Every once in a while I get it from just the right manicure or pedicure (when I'm not worried about how much it's going to cost) and I've gotten it from lying under a sun so hot I can feel sweat splash off my eyelashes and there have been sun dappled afternoons in the car with maybe elvis playing on the stereo as the trees flashed by and I just felt like putting my whole head out the window of the car and lapping at the breeze like a dog. Music, drugs, backrubs, booze.
I suppose it's called relaxation.
I never feel that way anymore. Maybe after a long really good run.
You feel scrubbed out. Tired, but free. Weightless. Calm. The things you say are funny. The world loves you. You can breathe.
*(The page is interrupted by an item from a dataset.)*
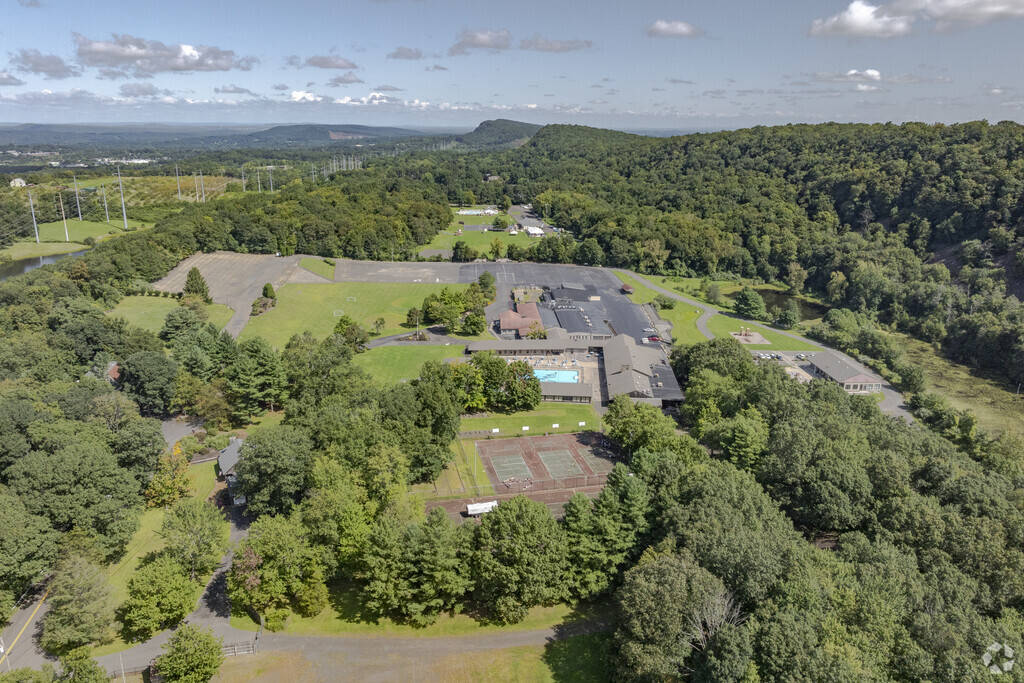 Carver Academy is located at 350 High Hill Road in Wallingford, CT.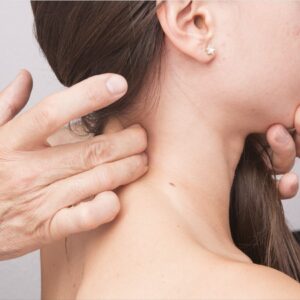 頸椎痛/移位有何原因？如何改善頸椎問題？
I thought about this for three or four days and worried over it because that's just how I am and also I thought I had pretty much figured out the secret of life. That we're all just trying to get even maybe back to the womb or since we can't do that, we;'re just trying to find some comfort, some peace, some relaxation, even five month babies are just gnawing away on their own fists trying to get high and feel happy. And so yesterday over pizza and beer I looked at Mr. E sideways and said "Do you ever think we're all just looking for something in life that we can't ever find, do you ever think in this life we're all just searching for a peace we can never quite grasp, and we're just trying to get back to our childhoods because that was the closest we ever got?" and as I said the words I realized the full import of what I was telling him and how I had finally figured it all out and how now he would finally realize just how fucked up I was and the world was and how his son would be someday be too and he looked back at me and just said. "Duh."
And so amazingly sometimes I do find that peace I am looking for, right there across the table from me, in this person who doesn;t take me and all my seventh grade angsty shit too seriously. And who really does know how fucked up I am and who doesn't care. Who even likes it. And loves it, and loves me. Not just anyway. But also because.
Happy Anniversary, Mr. E.
Thank you for being in this together with me.